HTTP client, SSL and CRL check

Posted on Tuesday, November 26, 2013 by Nicki

We recently experienced a severe spike in latency of our one applications that uses HttpWebRequest to connect to a remote service over SSL under high load. After looking at it from a lot of angles, the thought of the certificate verification being blocked seemed like a possible cause, especially since the application is hosted in a locked-down DMZ and only the necessary minimum access granted to access the service URL. Once we granted access to be able to perform the OCSP and/or CRL checks, transactions started flowing immediately. I found this article at the time explaining the whole process. I also think a contributing factor was that only two active HTTP requests are allowed to a destination at once by default according to RFC 2616, my guess is that the CryptoAPI would adhere to this same limit, so all OCSP/CRL requests queued until the active ones timed out.
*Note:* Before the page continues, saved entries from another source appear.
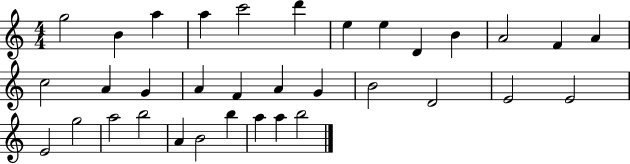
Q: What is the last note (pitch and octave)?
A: B5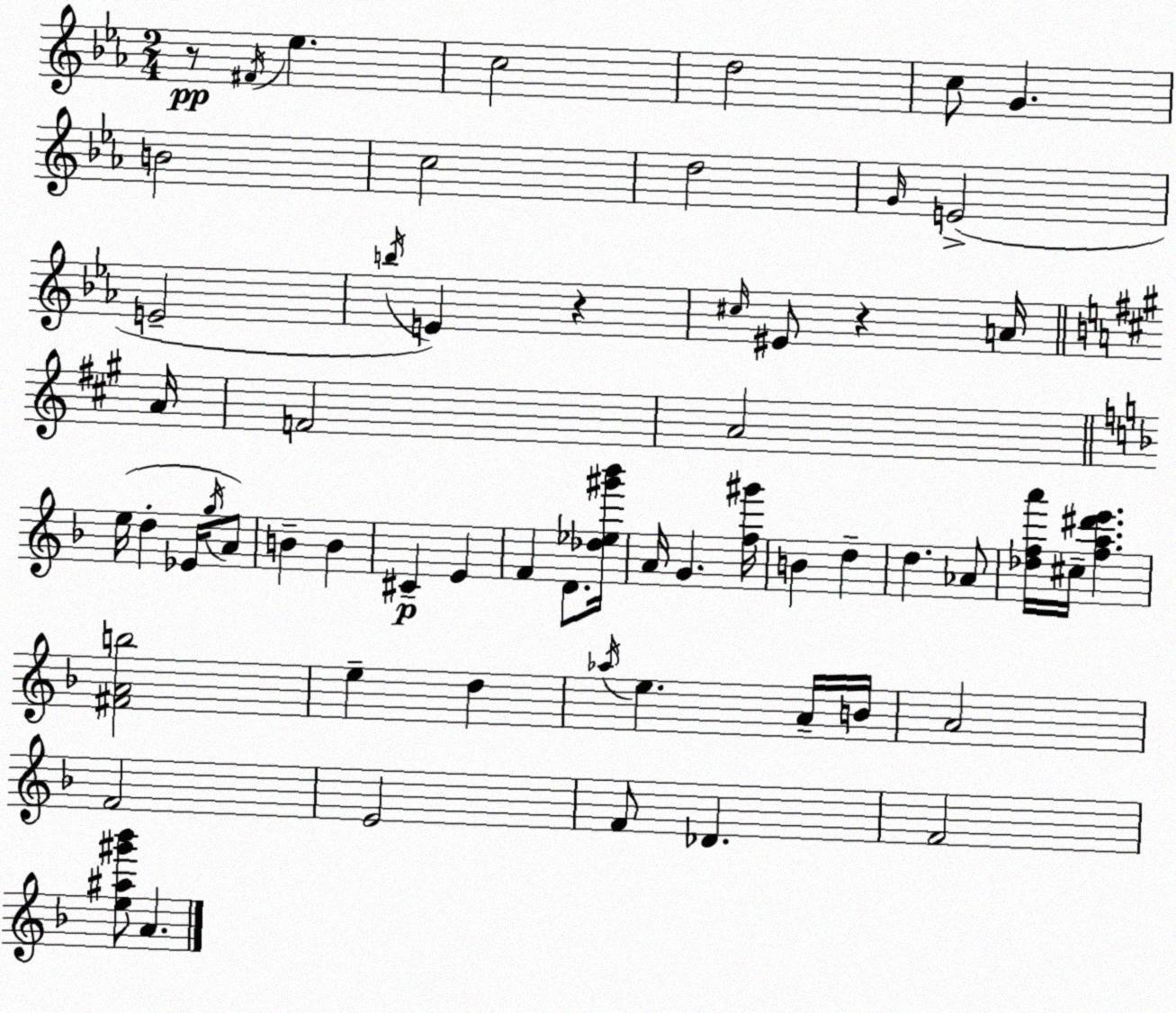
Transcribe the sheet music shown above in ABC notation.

X:1
T:Untitled
M:2/4
L:1/4
K:Cm
z/2 ^F/4 _e c2 d2 c/2 G B2 c2 d2 G/4 E2 E2 b/4 E z ^c/4 ^E/2 z A/4 A/4 F2 A2 e/4 d _E/4 g/4 A/2 B B ^C E F D/2 [_d_e^g'_b']/4 A/4 G [f^g']/4 B d d _A/2 [_dfa']/4 ^c/4 [fa^d'e'] [^FAb]2 e d _a/4 e A/4 B/4 A2 F2 E2 F/2 _D F2 [e^a^g'_b']/2 A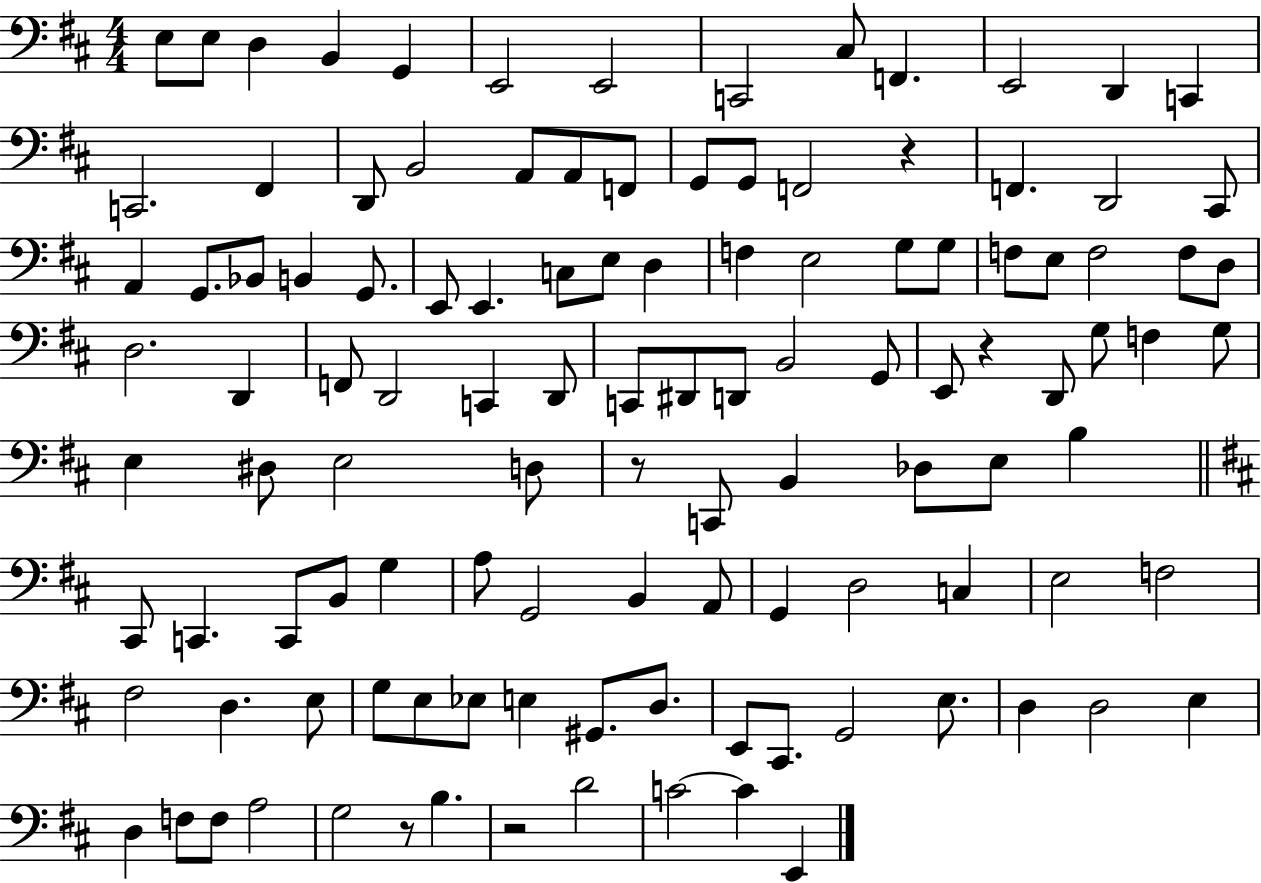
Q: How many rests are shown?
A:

HTTP concurrent connections

Posted on by Nicki

Our application exposes a webservice interface to clients, and connects to other providers for performing transactions. Whilst doing loadtesting, I noticed that the client connecting to an upstream provider using HttpWebRequest was not opening more than 2 concurrent connections at any time, causing latency to go through the roof and tps not scaling once the number of simultaneous requests to the webservices goes over 5. Googling a bit yielded this link:

Googling a little bit more I found details about the connectionManagement config section. After adding a section to the application's config file it now scales as expected, with more simultaneous connections increasing the tps as expected.